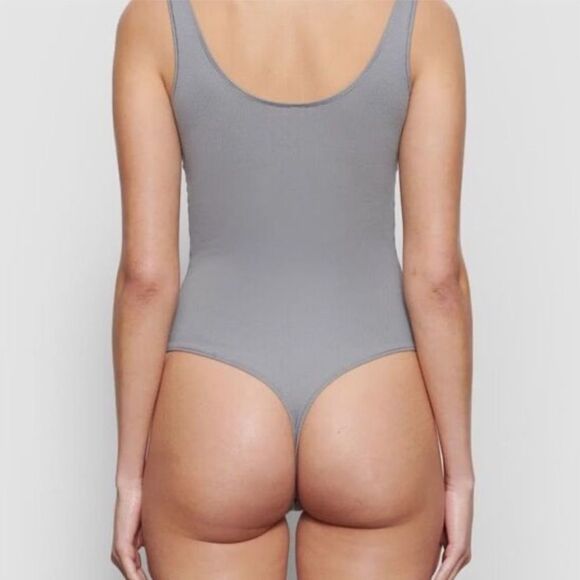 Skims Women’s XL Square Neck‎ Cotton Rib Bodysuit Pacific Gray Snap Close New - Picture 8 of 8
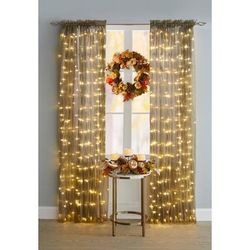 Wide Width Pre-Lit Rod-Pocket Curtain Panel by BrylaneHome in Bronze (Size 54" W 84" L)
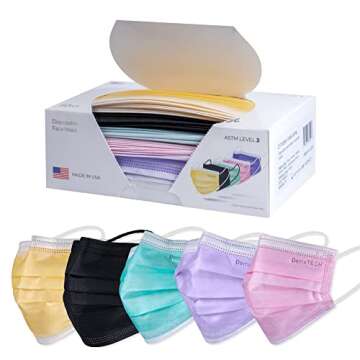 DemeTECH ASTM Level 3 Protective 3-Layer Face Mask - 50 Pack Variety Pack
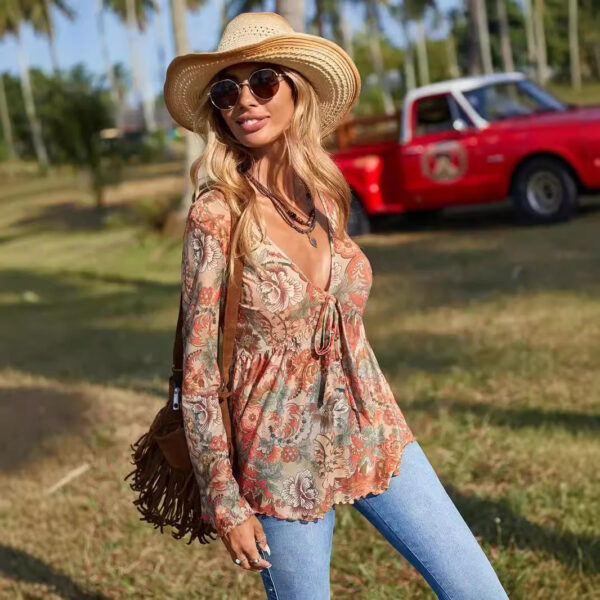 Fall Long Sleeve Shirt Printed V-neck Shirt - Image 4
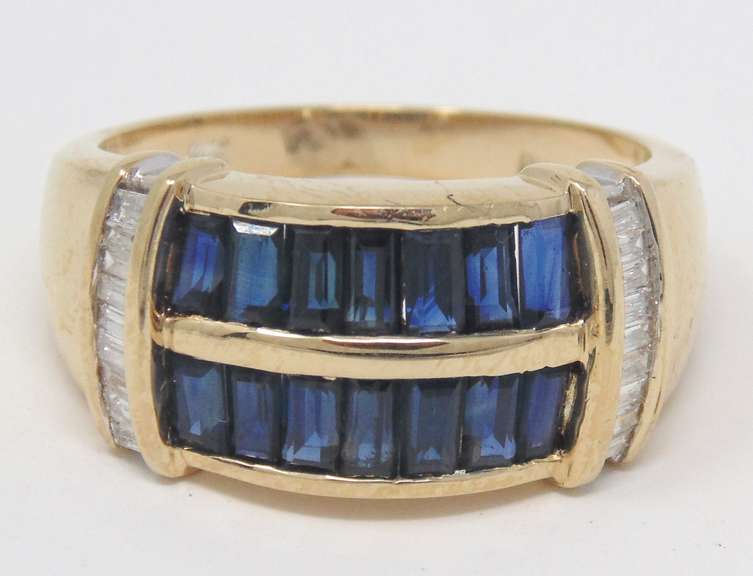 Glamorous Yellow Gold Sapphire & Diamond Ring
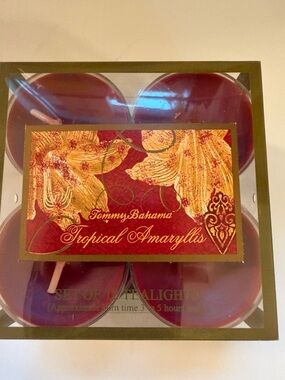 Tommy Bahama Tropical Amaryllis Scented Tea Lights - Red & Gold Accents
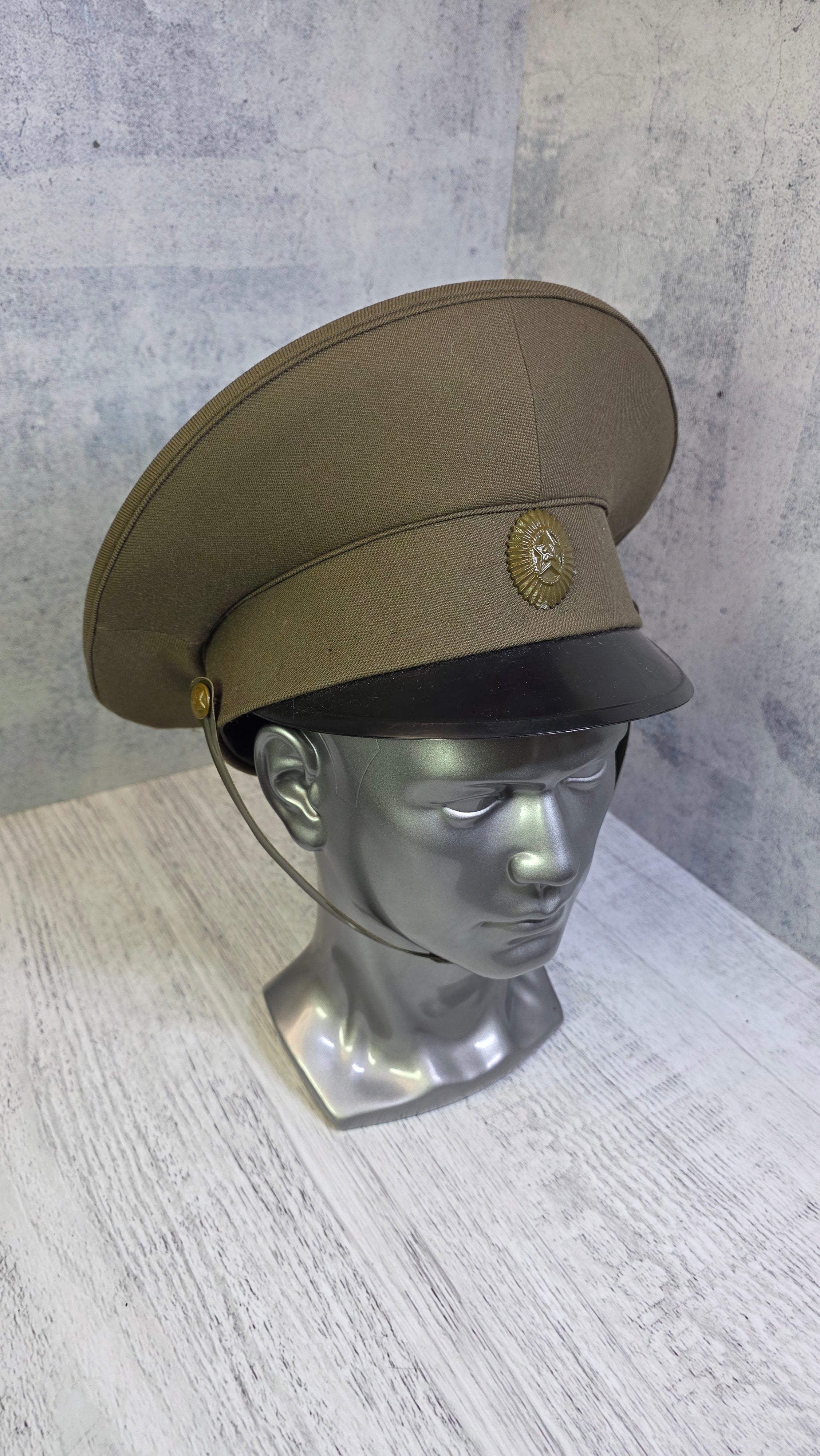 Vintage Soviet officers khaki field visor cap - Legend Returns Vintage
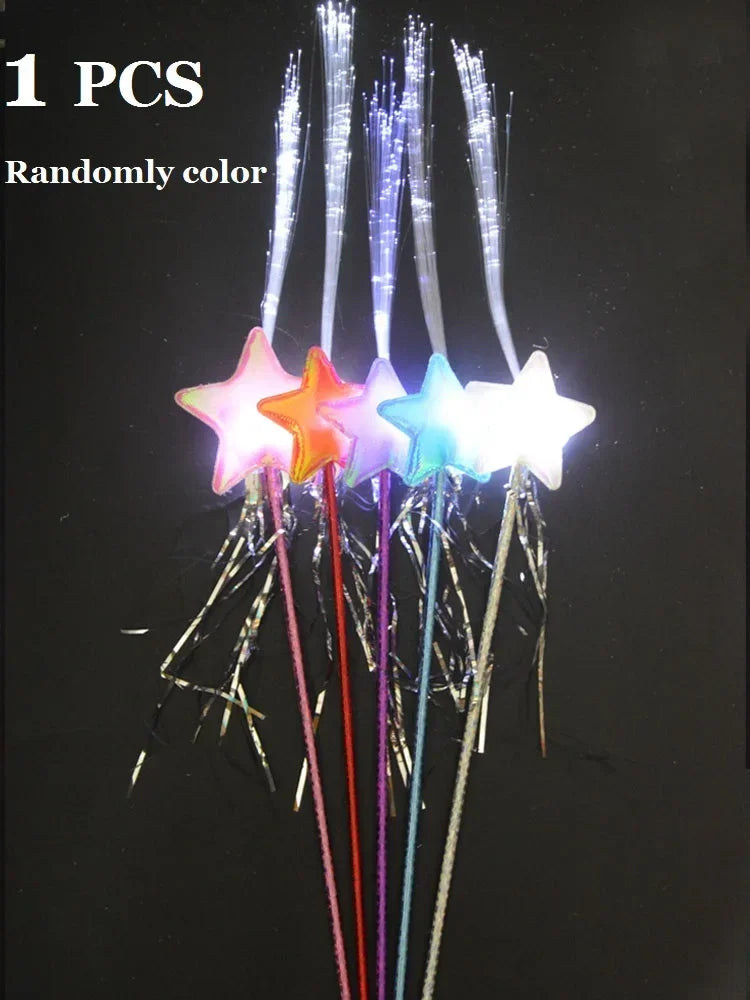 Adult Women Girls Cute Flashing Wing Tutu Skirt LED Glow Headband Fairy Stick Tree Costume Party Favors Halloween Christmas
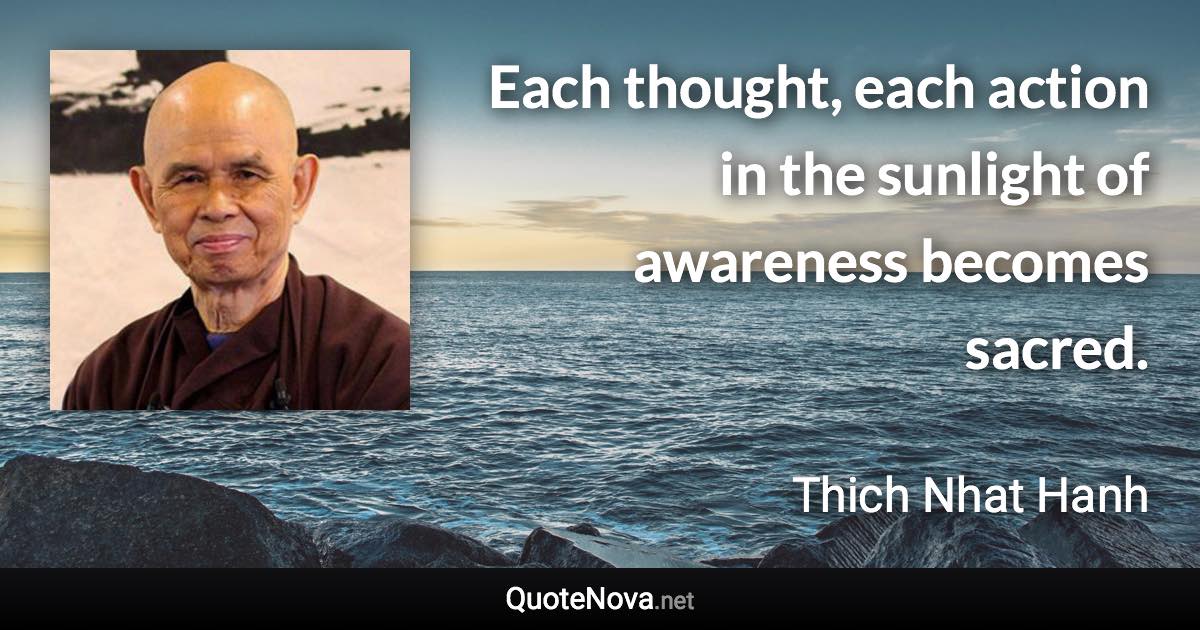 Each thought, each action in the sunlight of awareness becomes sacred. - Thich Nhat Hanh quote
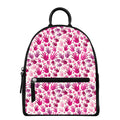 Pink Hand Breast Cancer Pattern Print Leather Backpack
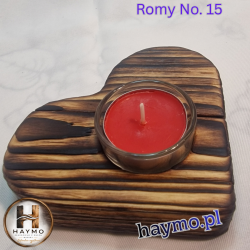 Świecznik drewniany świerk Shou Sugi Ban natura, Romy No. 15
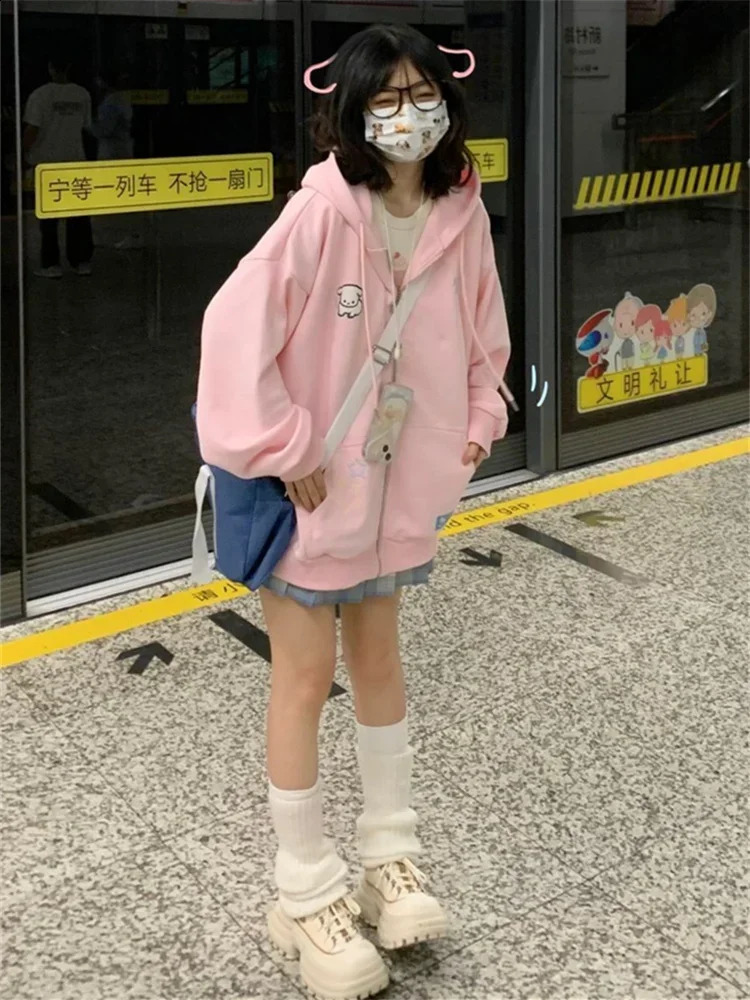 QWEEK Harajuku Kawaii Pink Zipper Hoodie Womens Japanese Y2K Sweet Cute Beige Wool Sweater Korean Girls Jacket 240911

* EXERCISE DETAILS *
Copy exactly what appears in the entries, beginning with the first line and ending with the line that has "Świecznik drewniany świerk", but not the pictures.

* SOLVED EXERCISE *
 Skims Women’s XL Square Neck‎ Cotton Rib Bodysuit Pacific Gray Snap Close New - Picture 8 of 8
 Wide Width Pre-Lit Rod-Pocket Curtain Panel by BrylaneHome in Bronze (Size 54" W 84" L)
 DemeTECH ASTM Level 3 Protective 3-Layer Face Mask - 50 Pack Variety Pack
 Fall Long Sleeve Shirt Printed V-neck Shirt - Image 4
 Glamorous Yellow Gold Sapphire & Diamond Ring
 Tommy Bahama Tropical Amaryllis Scented Tea Lights - Red & Gold Accents
 Vintage Soviet officers khaki field visor cap - Legend Returns Vintage
 Adult Women Girls Cute Flashing Wing Tutu Skirt LED Glow Headband Fairy Stick Tree Costume Party Favors Halloween Christmas
 Each thought, each action in the sunlight of awareness becomes sacred. - Thich Nhat Hanh quote
 Pink Hand Breast Cancer Pattern Print Leather Backpack
 Świecznik drewniany świerk Shou Sugi Ban natura, Romy No. 15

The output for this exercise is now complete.